START Information shown

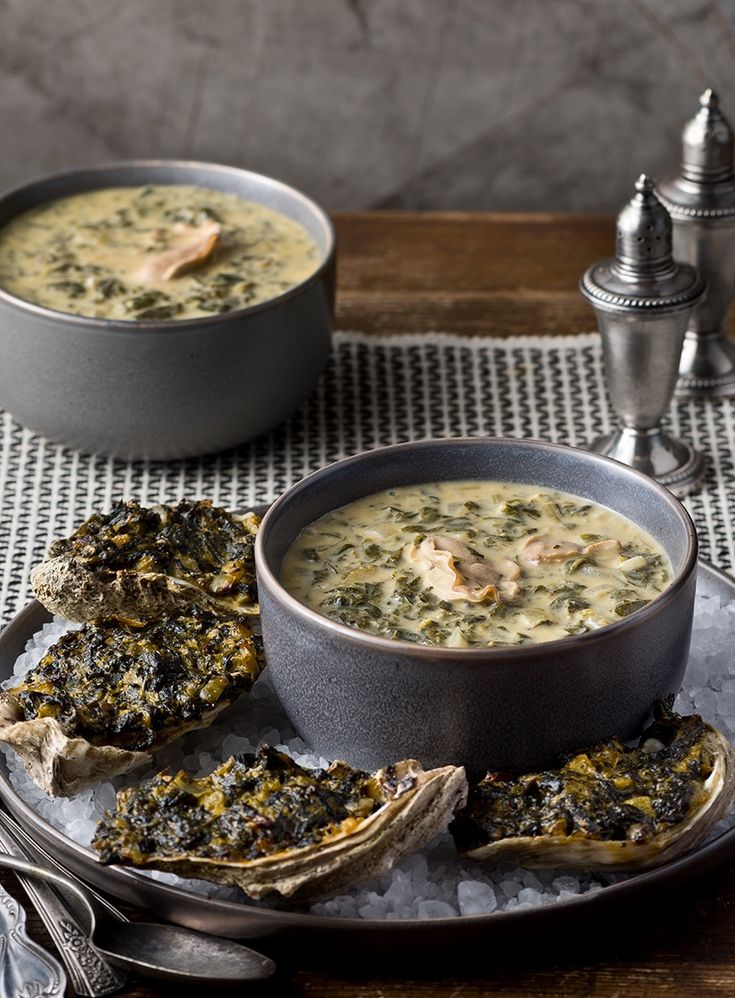 two bowls of soup and some oysters on a plate with silverware next to it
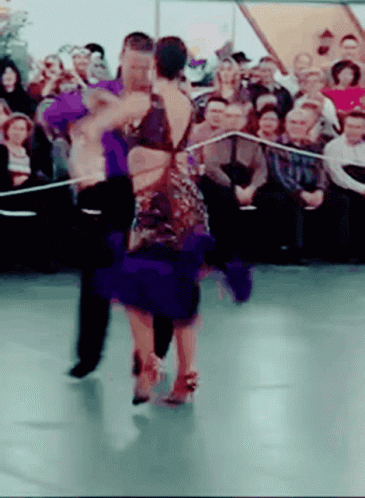two people dancing while a crowd watches
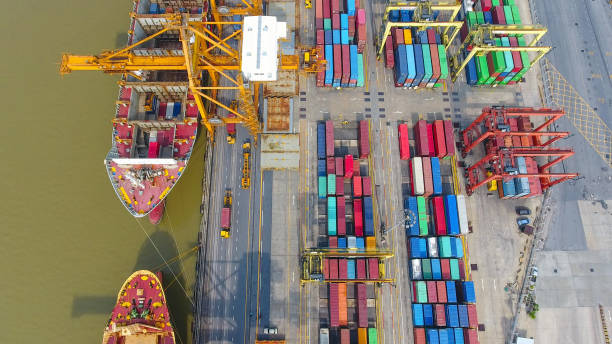 istock Logistics and transportation of Container Cargo ship and Cargo working crane bridge in shipyard 860387416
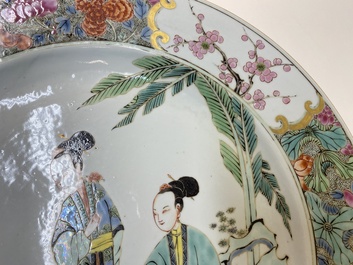 A Chinese famille rose dish with two ladies and a boy in a garden, Yongzheng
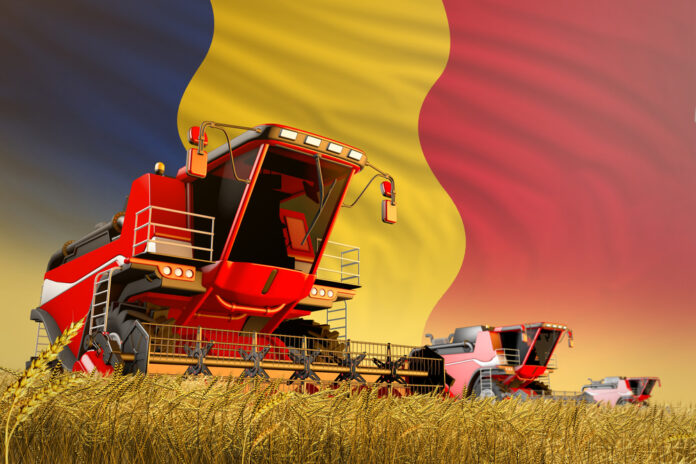 Agricultural,Combine,Harvester,Working,On,Wheat,Field,With,Romania,Flag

END Information shown

## What is required
Where the line holding "two people dancing while a crowd watches" appears, start copying, and continue exactly through the last line of the listing, both ends included, skipping the pictures.

## Expected answer
two people dancing while a crowd watches
 istock Logistics and transportation of Container Cargo ship and Cargo working crane bridge in shipyard 860387416
 A Chinese famille rose dish with two ladies and a boy in a garden, Yongzheng
 Agricultural,Combine,Harvester,Working,On,Wheat,Field,With,Romania,Flag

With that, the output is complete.